You know it's been a long time since your last post when regular readers start to worry (hello to Cathy at Playing Hooky :-) Oh dear.
Two nights ago I found myself sitting upright in bed with Baby Gingerbread asleep in the armchair I'd fashioned out of ... well, my arms, actually ... while Mr Gingerbread snored his head off next to me. (In fairness, he had laid a sympathetic hand on my thigh, which is what he does to assuage his guilt at getting to sleep while I comfort a burpy baby.) I was exhausted. We'd just arrived in from a week at home in Ireland and even my bones felt tired. But whenever I put the baby down, he'd wake up, crying piteously, and no amount of back or stomach-rubbing would shift the burp that had got stuck somewhere in his little tummy. So we both sat upright, waiting for the gas to come up - or go down. In bed with two men. How very 'Fifty Shades of Grey ' of me.
It occurred to me again how hard parenting can be. And I realised that only when I had a baby myself could I fully comprehend how hard my mother and father had worked at raising me and my brothers and sisters. I mean, I was lucky to have kind and caring parents so it would be utterly churlish of me not to recognise their effort, but it's only at 3 a.m. in the wee small hours of the morning, tired to my very marrow, rubbing a 3-month-old baby's back in the black silence of our bedroom do I understand fully how much effort being a halfway decent parent requires, much less a good one.
My own mother has taken to informing us that she "might not live very long". She's trying to prepare us for her eventual clog-popping - statistically seen, most likely to occur with a cup of tea in one hand, a cigarette in the other and the phone jammed under her chin.

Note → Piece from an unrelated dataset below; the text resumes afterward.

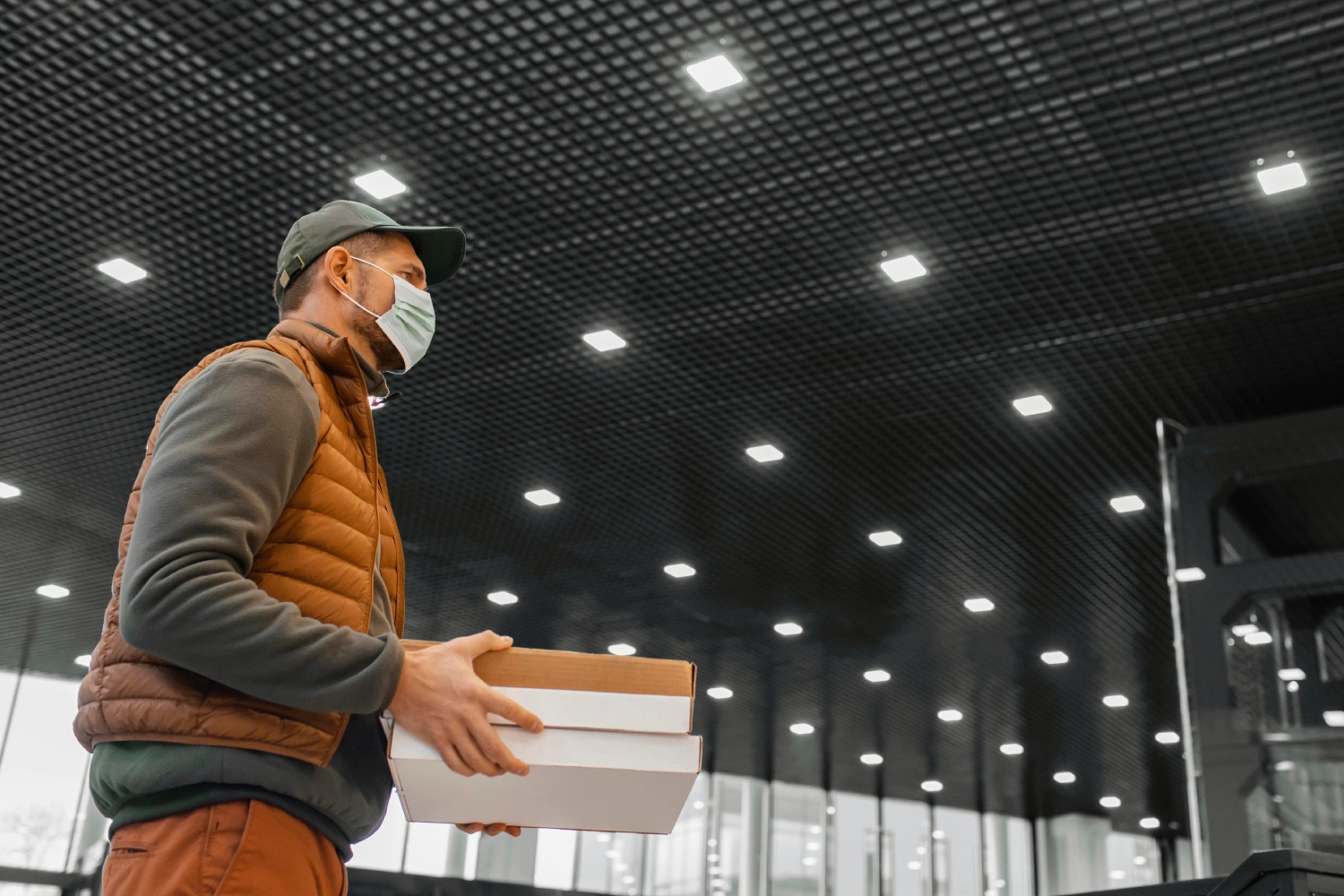 Oświetlenie komercyjne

She said this again over Christmas and my youngest sister - who has the delicate sensibilities of a barracuda - told her to shut up and stop looking for attention. I don't care how much she "prepares" us with these portents of doom, nothing could prepare me for the loss of either parent and the mere thought of it rends my heart asunder. A bit of my world would die with them; it doesn't even bear thinking about. So Mammy Gingerbread - I know you're reading this, and possibly already sobbing into one of the many tissues you store on your person - please stop. You've read enough Louise L. Hay to know the power of thought.
In all, I've learned that it takes a while to learn to be someone's parent. And I think you do it best if you're still someone's child.